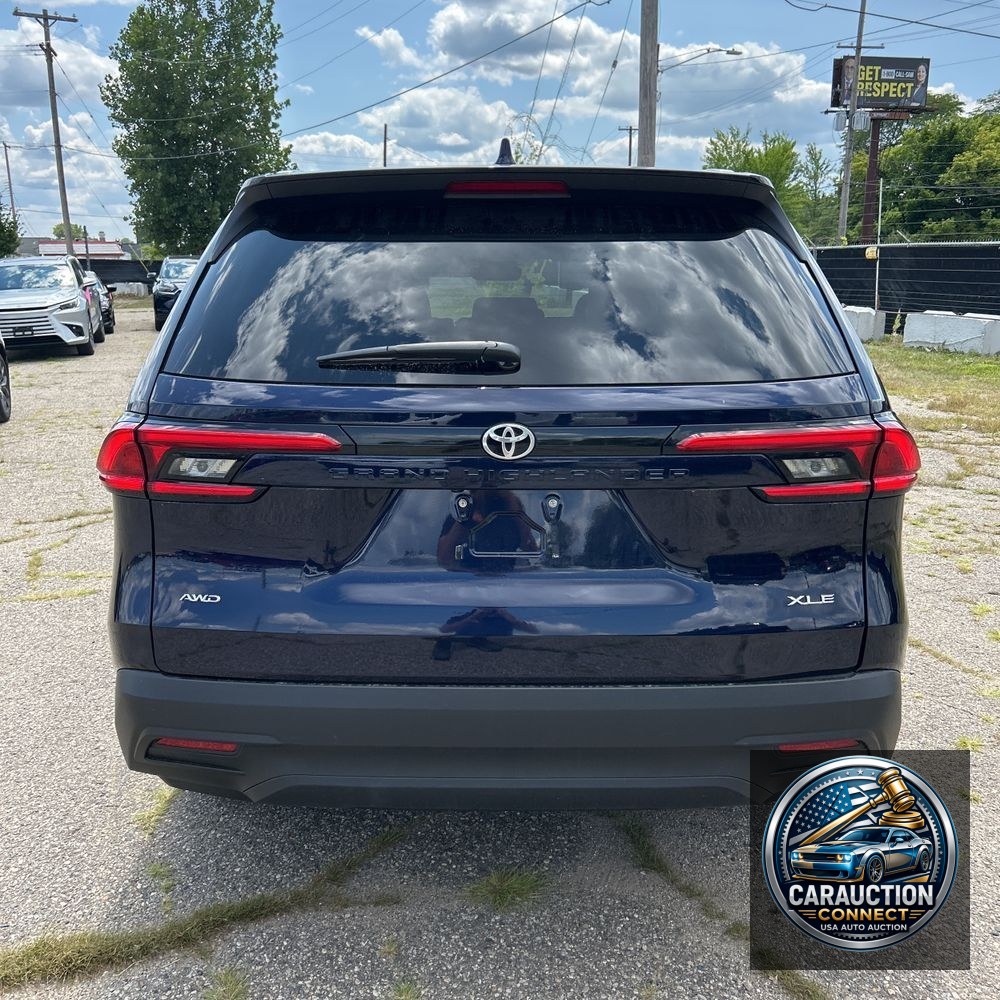 2024 Toyota Grand Highlander XLE
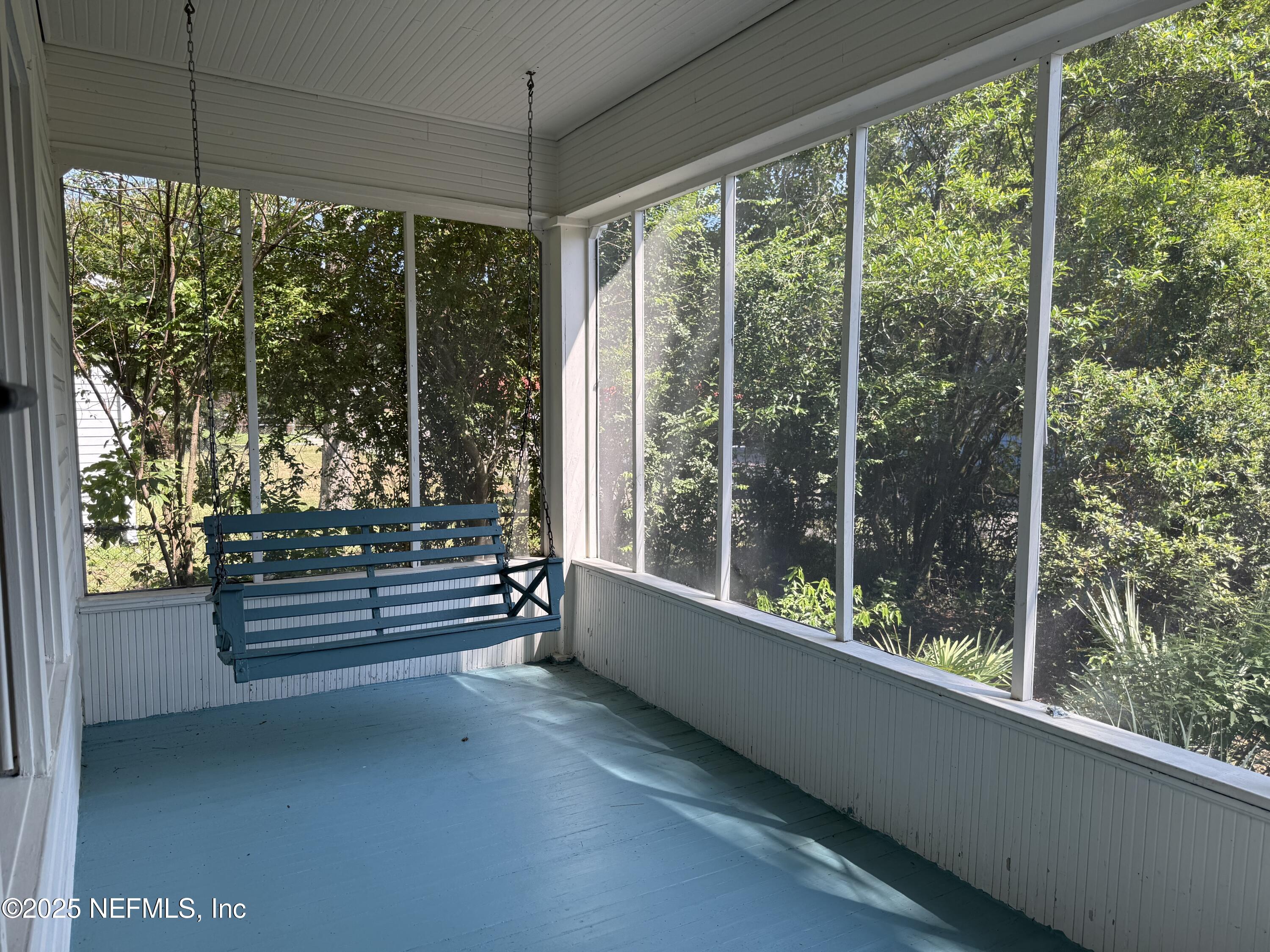 4713 KINGSBURY Street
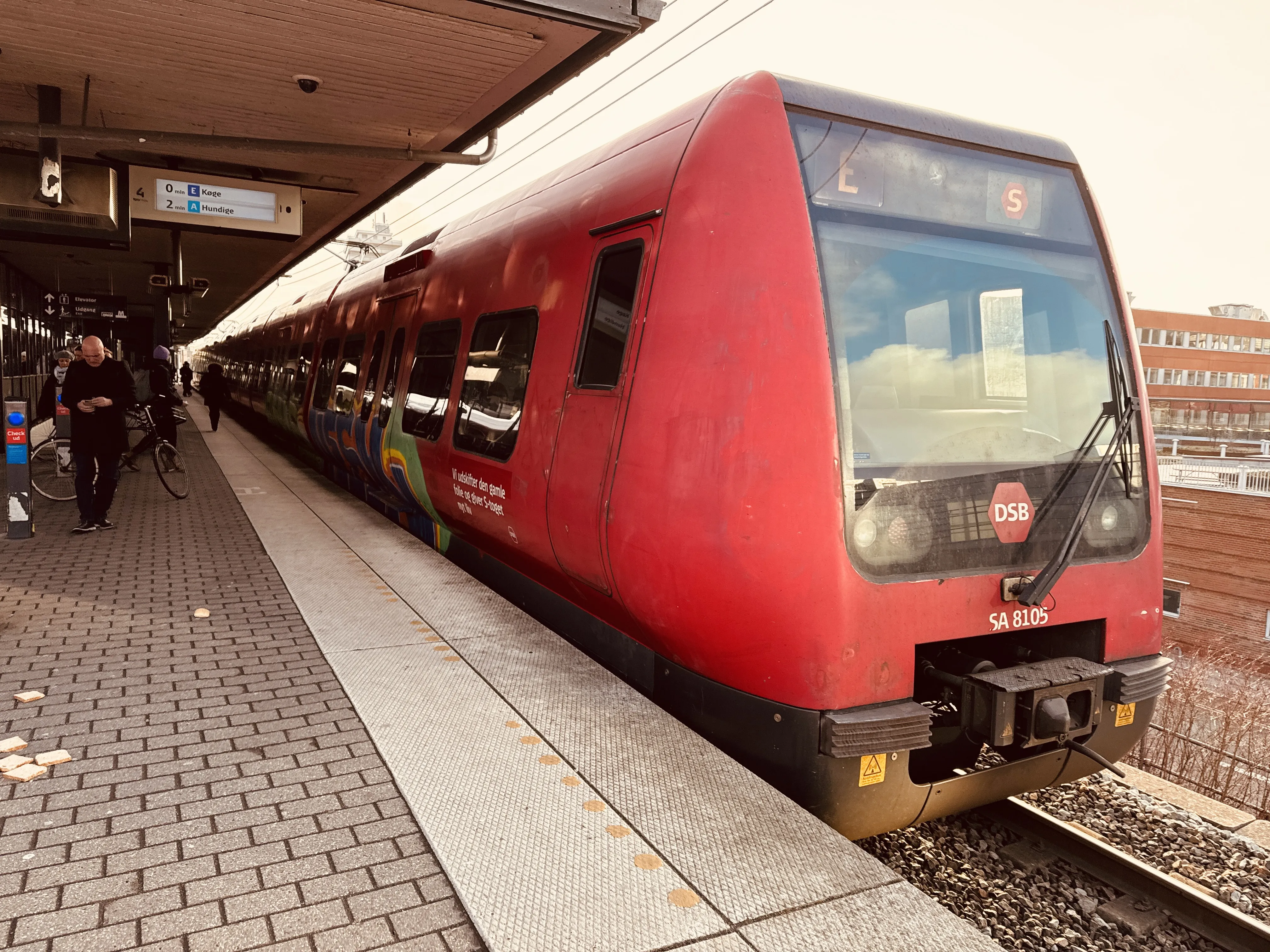 Billede af DSB SA 8105 fotograferet ud for Nordhavn S-togstrinbræt.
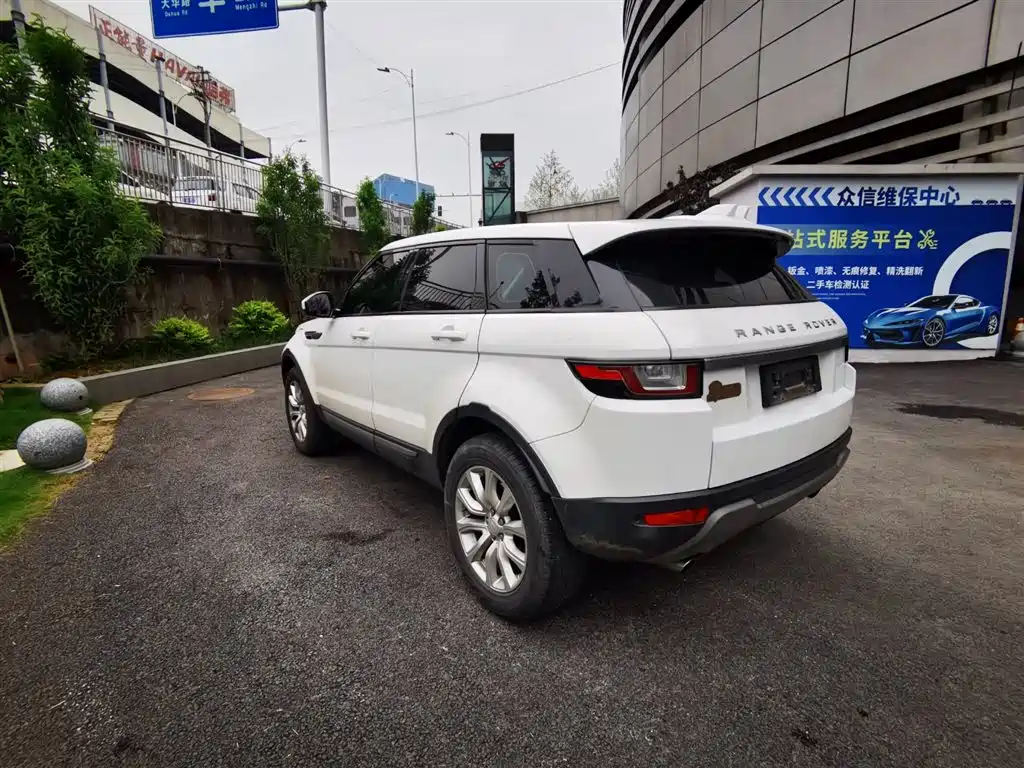 Land Rover Range Rover Evoque 2018 200PS PURE New Style фото 6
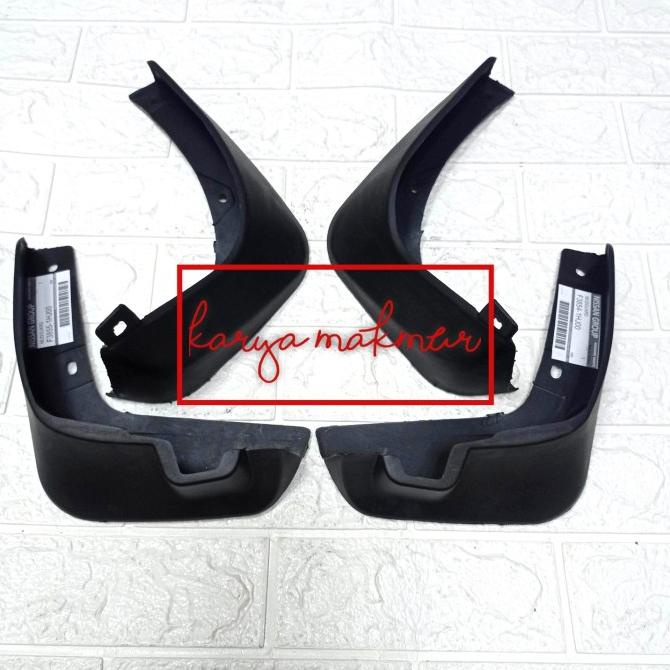 Mudguard Karpet Lumpur Nissan March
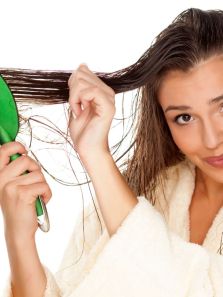 How to take care of wet hair?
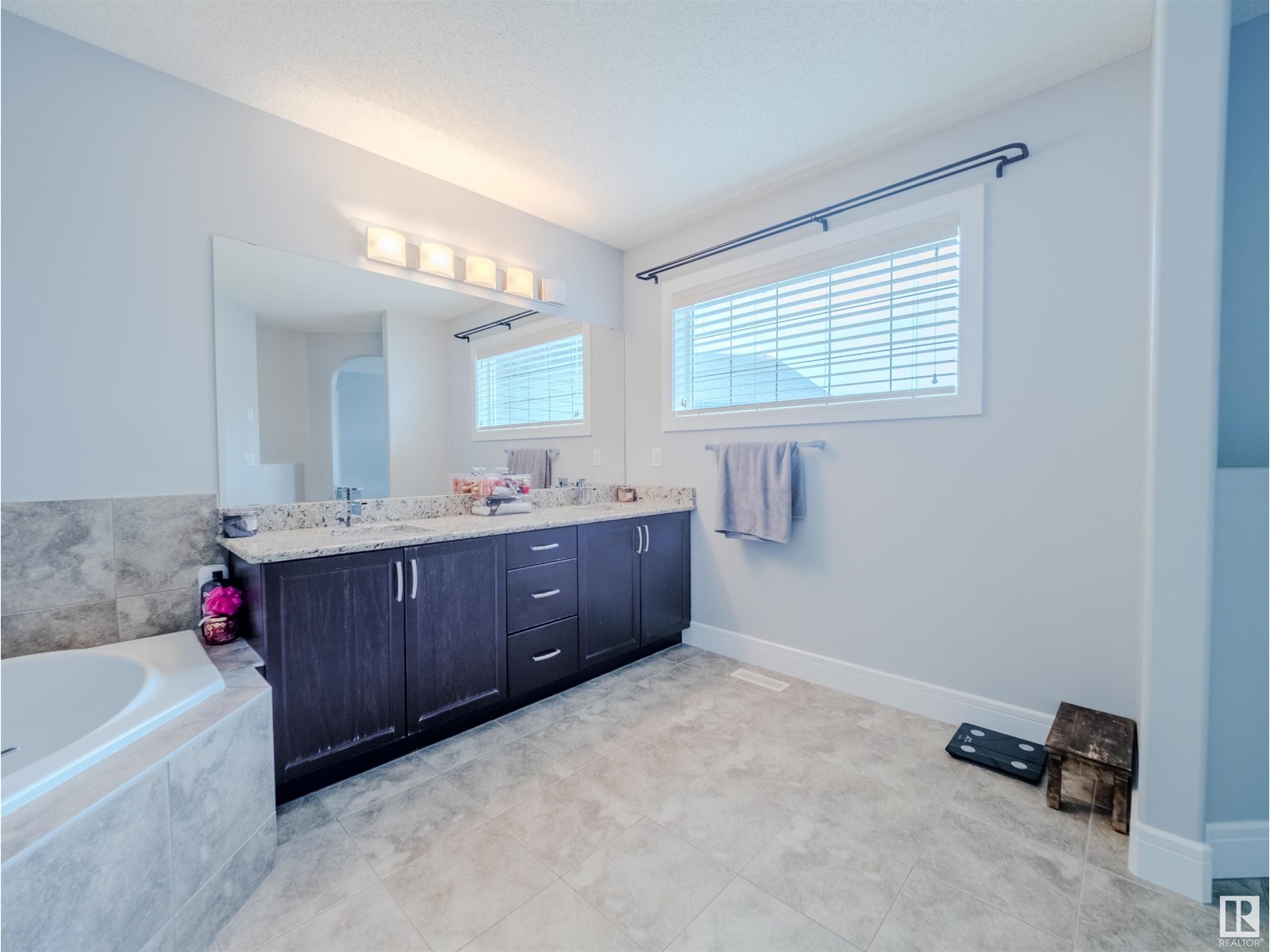Photo 43 of 11732 18 Av Sw, Edmonton AB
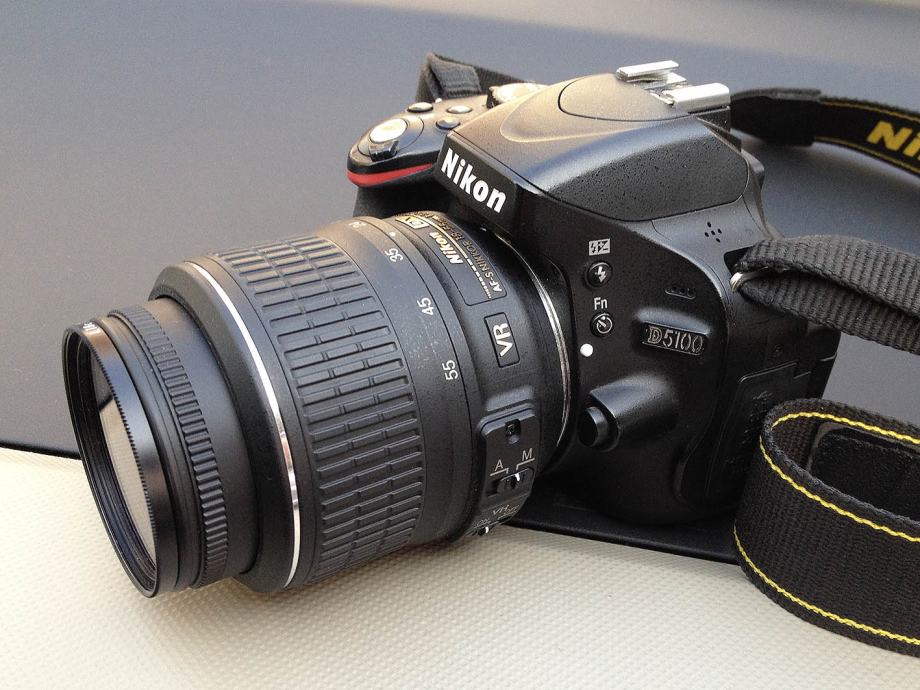 Nikon D5100 + 18-55VR KIT + 2xbaterija +16GB +Nikon torba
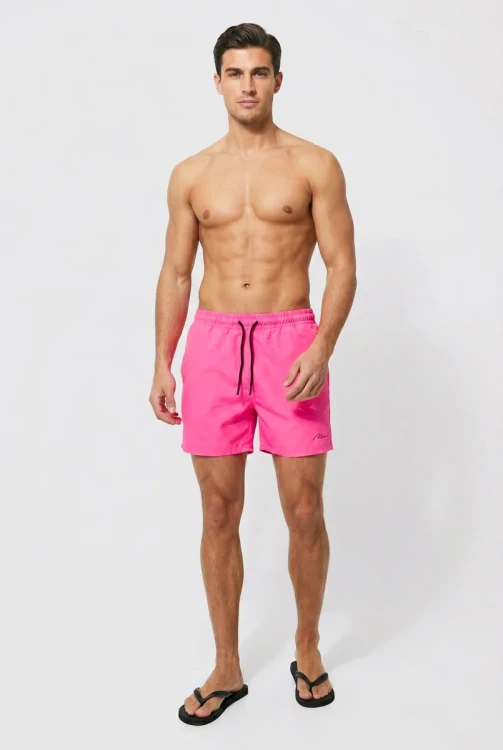 Boohoo-rozowe-meskie-spodenki-do-plywania-model-1.webp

• Problem requirements
Leaving out the pictures, reproduce the whole listing above exactly.

• Written answer
 2024 Toyota Grand Highlander XLE
 4713 KINGSBURY Street
 Billede af DSB SA 8105 fotograferet ud for Nordhavn S-togstrinbræt.
 Land Rover Range Rover Evoque 2018 200PS PURE New Style фото 6
 Mudguard Karpet Lumpur Nissan March
 How to take care of wet hair?
Photo 43 of 11732 18 Av Sw, Edmonton AB
 Nikon D5100 + 18-55VR KIT + 2xbaterija +16GB +Nikon torba
 Boohoo-rozowe-meskie-spodenki-do-plywania-model-1.webp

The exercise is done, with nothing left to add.